** Opening Data extract block **
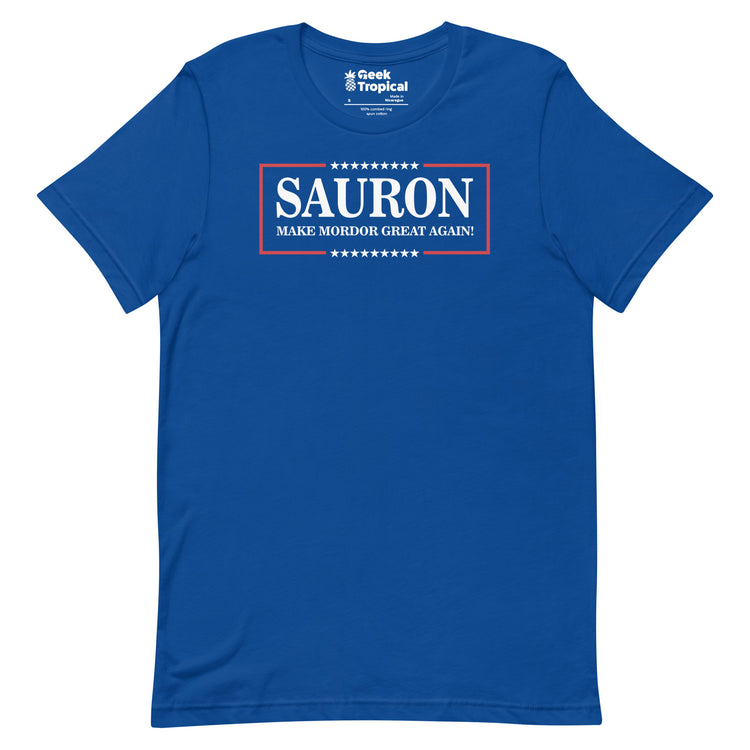 Make Mordor Great Again T-Shirt Geek Nerd Advertise to Meta Book Prints Fantasy Prints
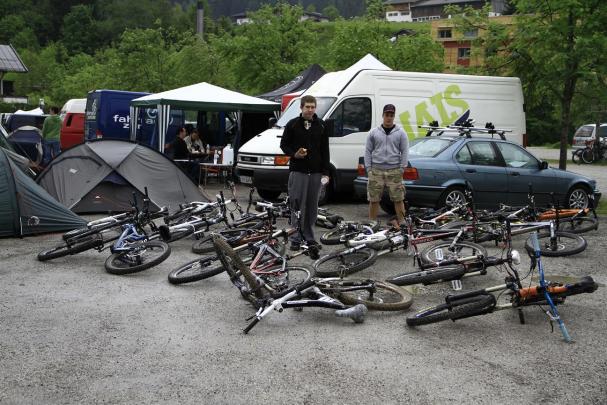 Campen in Saalbach/Leogang | MTB-News.de | IBC Mountainbike Forum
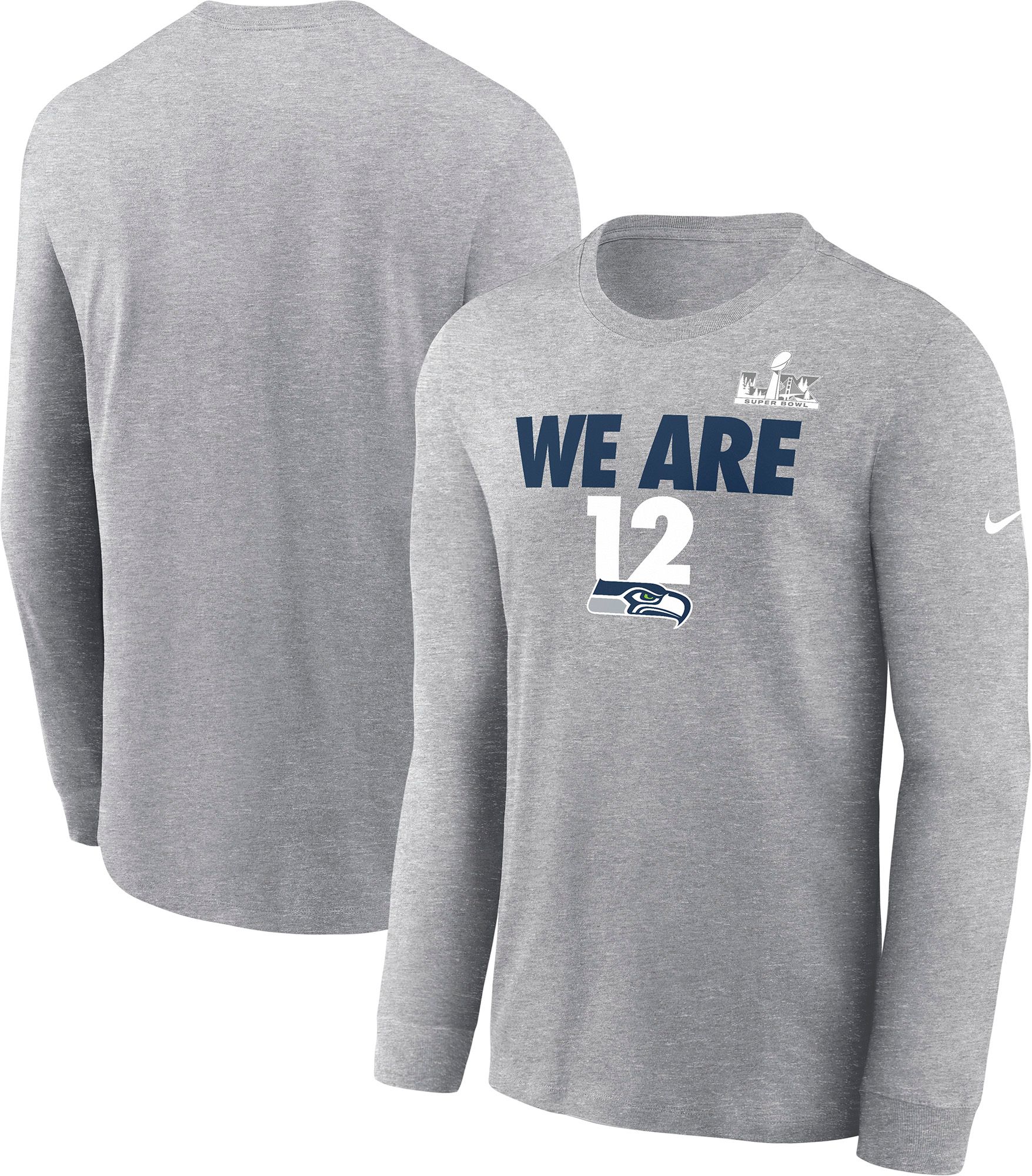 Nike Men's 2025-26 NFC Champions Seattle Seahawks Local Long Sleeve Shirt product image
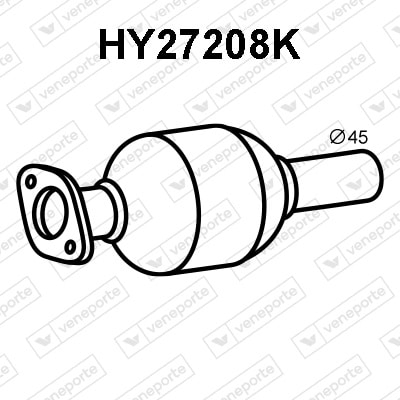 Catalizador Hyundai i20 II · HY27208K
** Closing Data extract block **
Each line of the data must be transcribed exactly; pictures are not carried over.

§ Exercise output
 Make Mordor Great Again T-Shirt Geek Nerd Advertise to Meta Book Prints Fantasy Prints
 Campen in Saalbach/Leogang | MTB-News.de | IBC Mountainbike Forum
 Nike Men's 2025-26 NFC Champions Seattle Seahawks Local Long Sleeve Shirt product image
 Catalizador Hyundai i20 II · HY27208K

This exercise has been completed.